**Data provided:**
-----
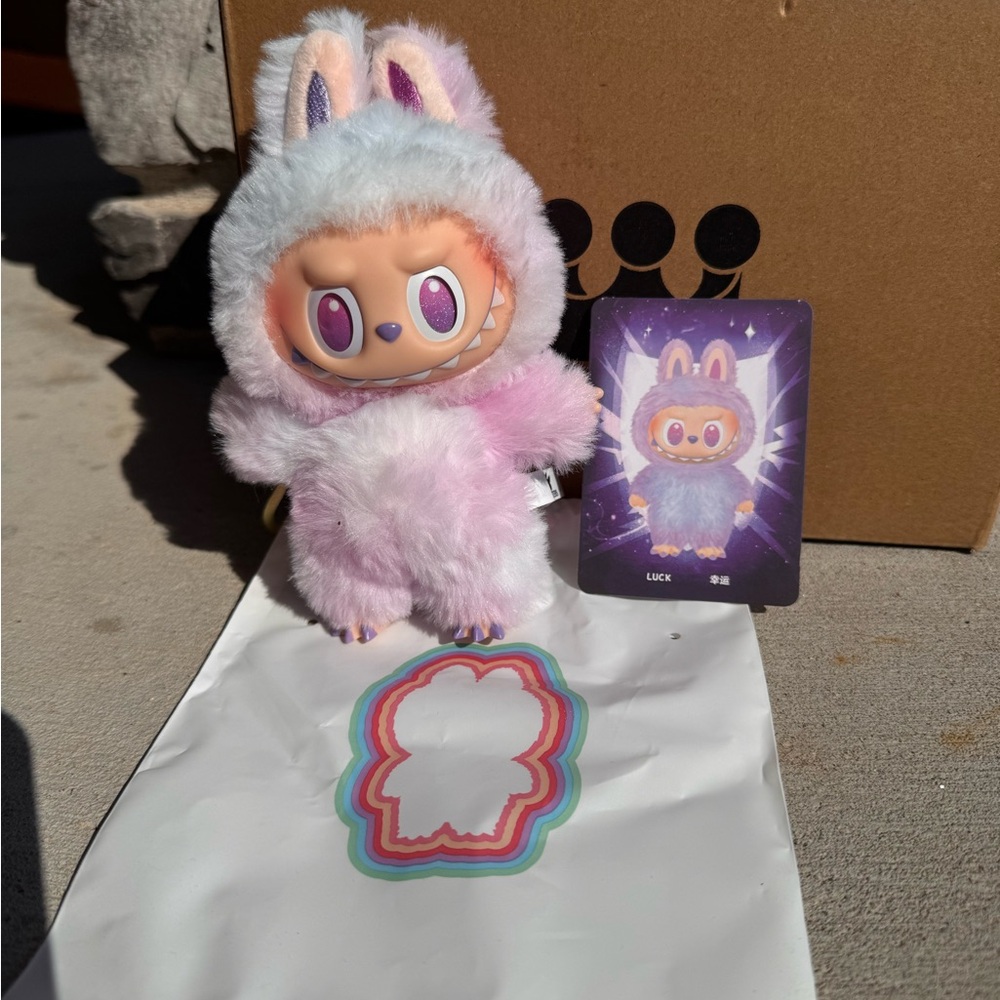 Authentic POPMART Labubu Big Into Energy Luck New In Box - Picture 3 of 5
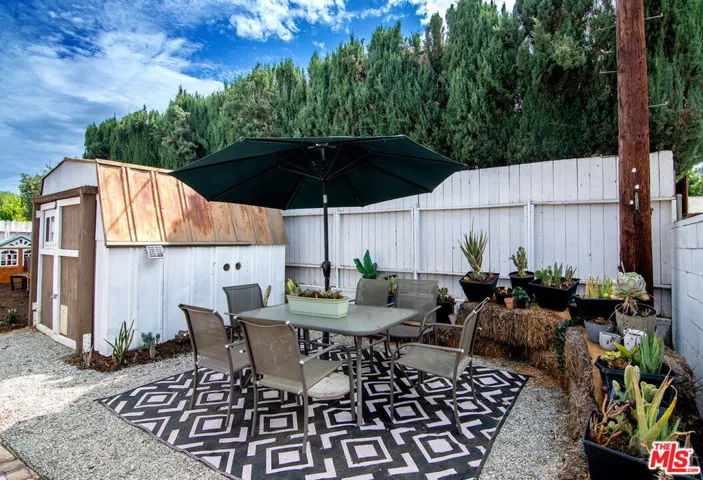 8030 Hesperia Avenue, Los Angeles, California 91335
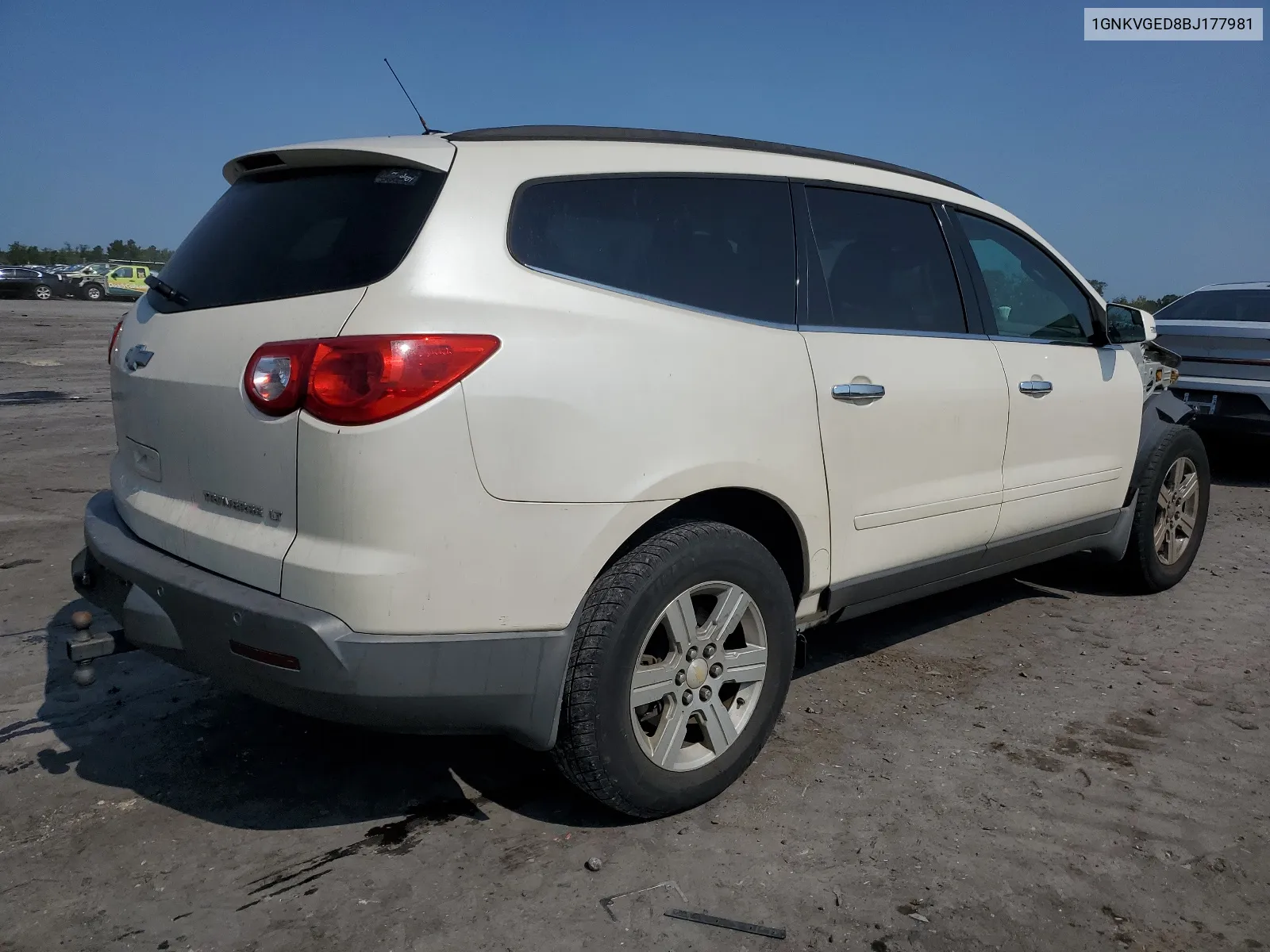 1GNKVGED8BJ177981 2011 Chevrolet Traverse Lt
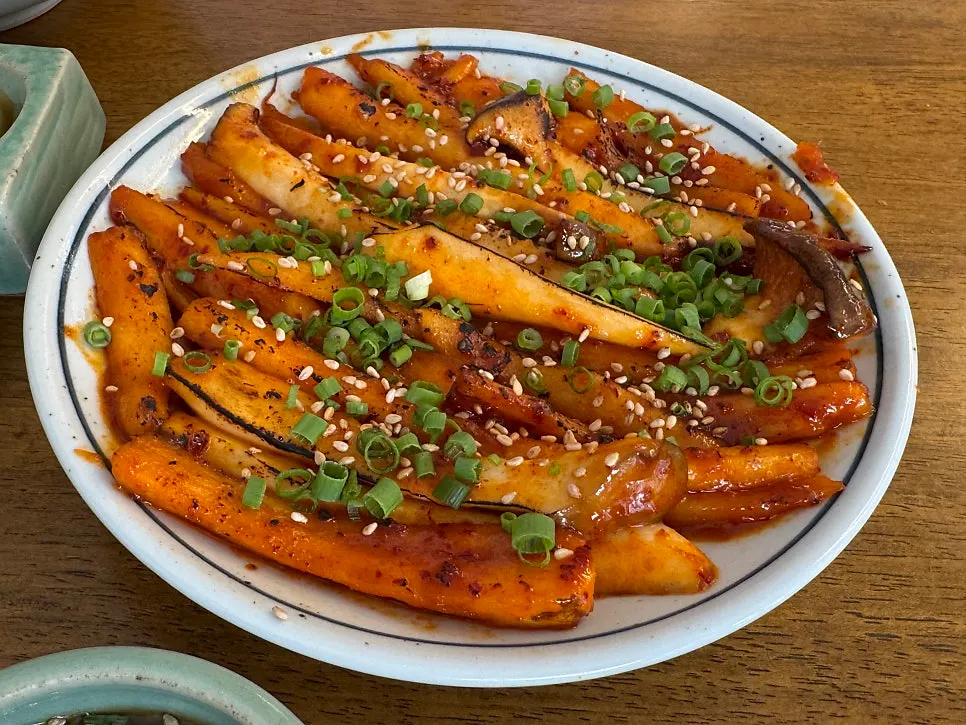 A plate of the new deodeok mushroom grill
-----
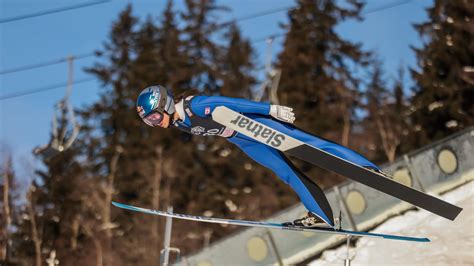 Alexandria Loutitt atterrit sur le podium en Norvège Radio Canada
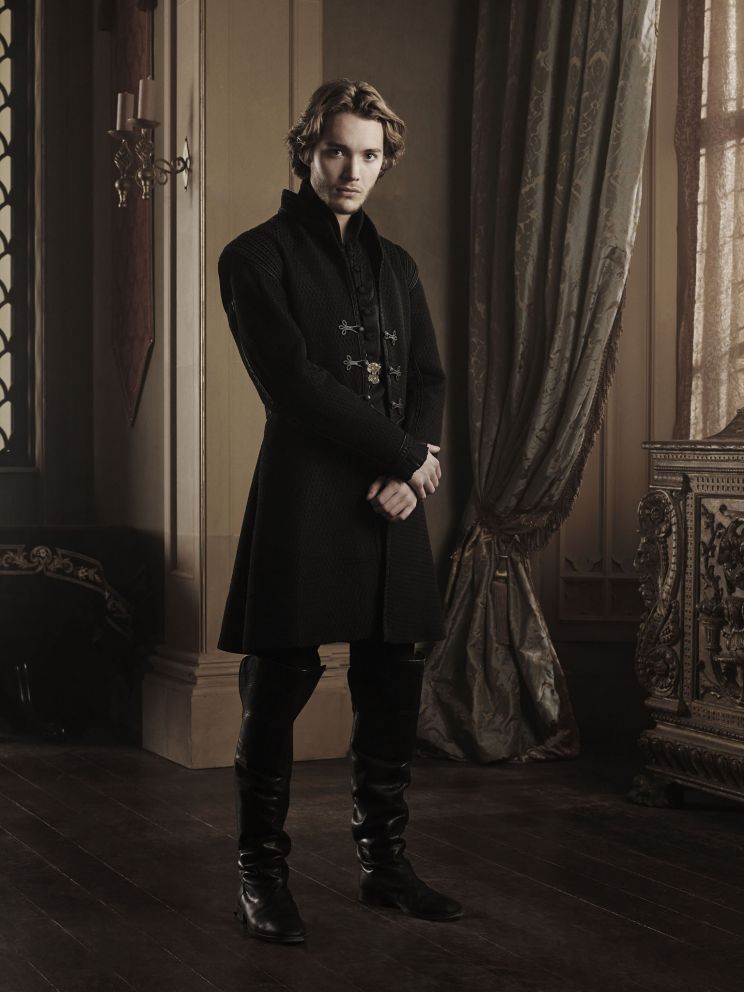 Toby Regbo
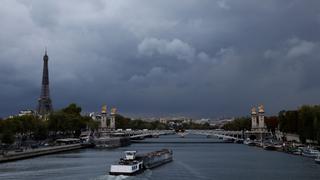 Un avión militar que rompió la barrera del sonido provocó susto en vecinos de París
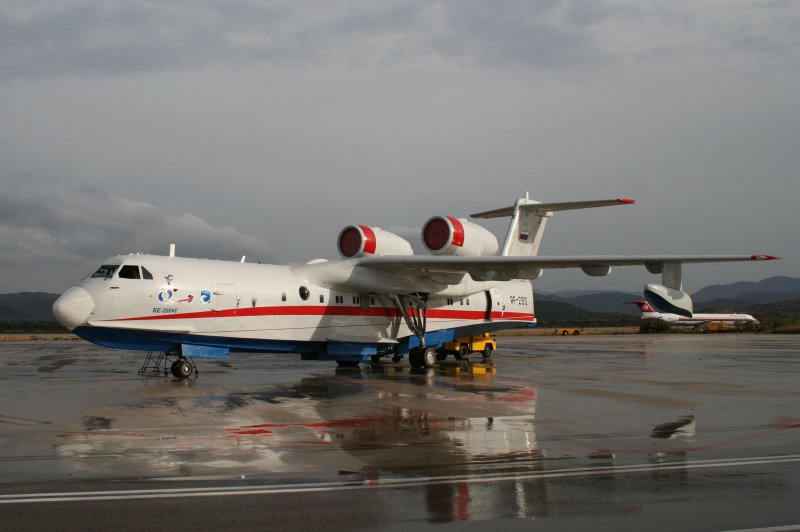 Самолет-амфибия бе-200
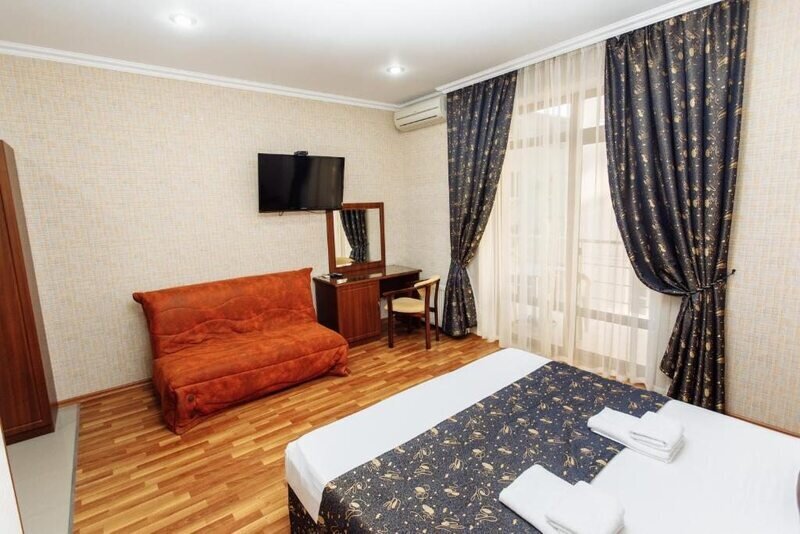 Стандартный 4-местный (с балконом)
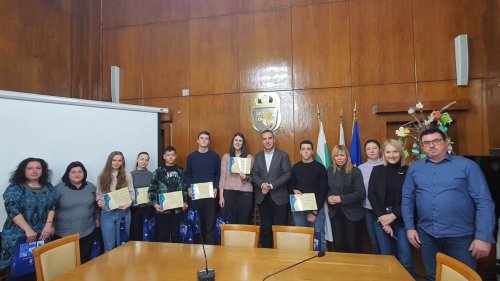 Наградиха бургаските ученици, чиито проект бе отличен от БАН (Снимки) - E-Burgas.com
-----
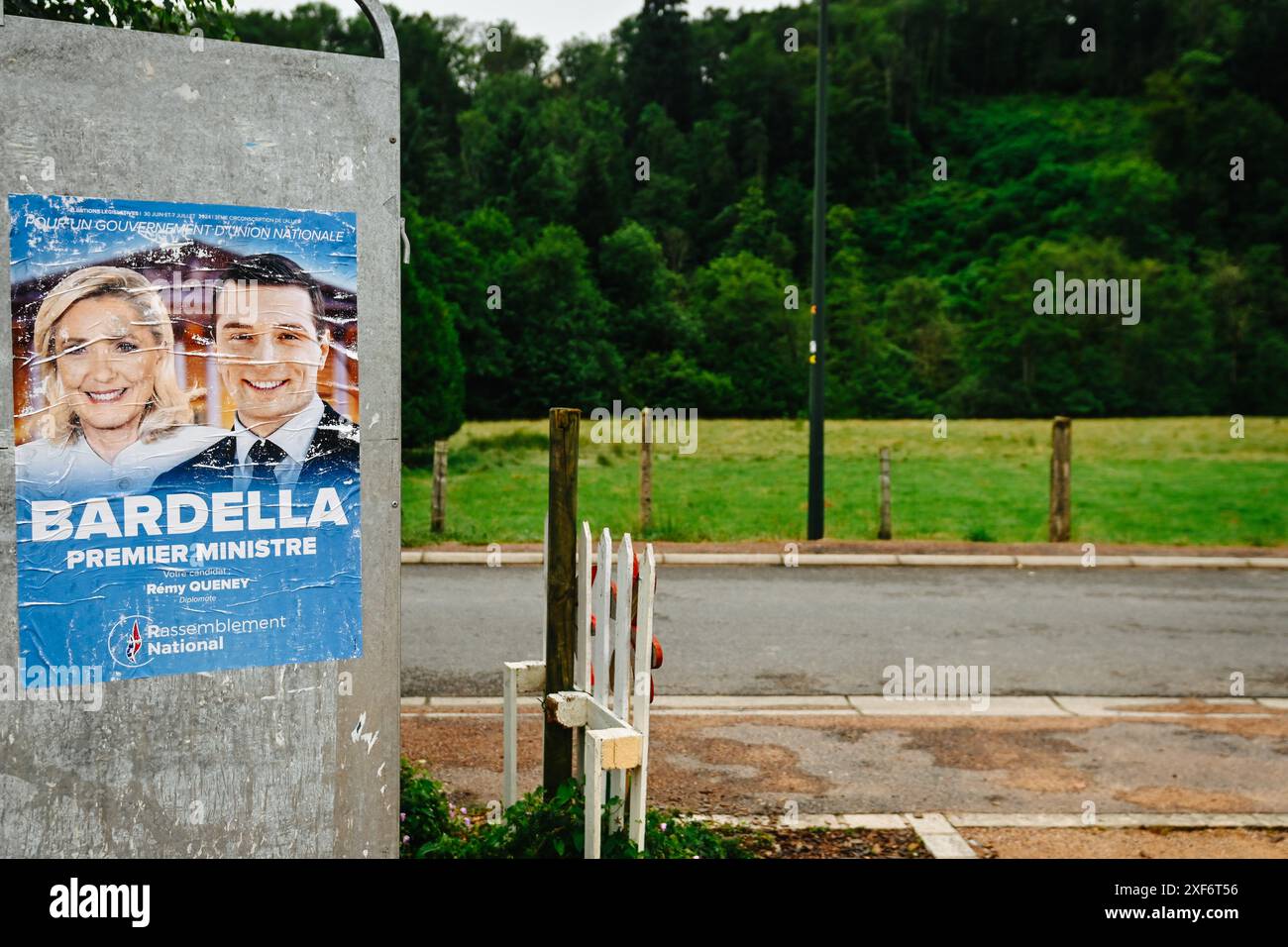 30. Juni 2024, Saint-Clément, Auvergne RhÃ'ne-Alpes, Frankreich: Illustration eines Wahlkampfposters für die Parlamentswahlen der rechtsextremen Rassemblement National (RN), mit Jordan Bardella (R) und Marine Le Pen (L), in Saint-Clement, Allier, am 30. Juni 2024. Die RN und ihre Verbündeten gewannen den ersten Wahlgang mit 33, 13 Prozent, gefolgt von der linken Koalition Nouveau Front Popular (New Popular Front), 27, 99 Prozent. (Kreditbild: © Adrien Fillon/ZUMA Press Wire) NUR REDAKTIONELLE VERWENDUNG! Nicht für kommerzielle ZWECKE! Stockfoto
-----
**Your instructions:**
Lines wanted from the entries above: the one with "8030 Hesperia Avenue, Los", the one with "A plate of the new deodeok mushroom grill", and all lines between. Please copy them exactly, without the pictures and without anything else.

**Solution for this task:**
 8030 Hesperia Avenue, Los Angeles, California 91335
 1GNKVGED8BJ177981 2011 Chevrolet Traverse Lt
 A plate of the new deodeok mushroom grill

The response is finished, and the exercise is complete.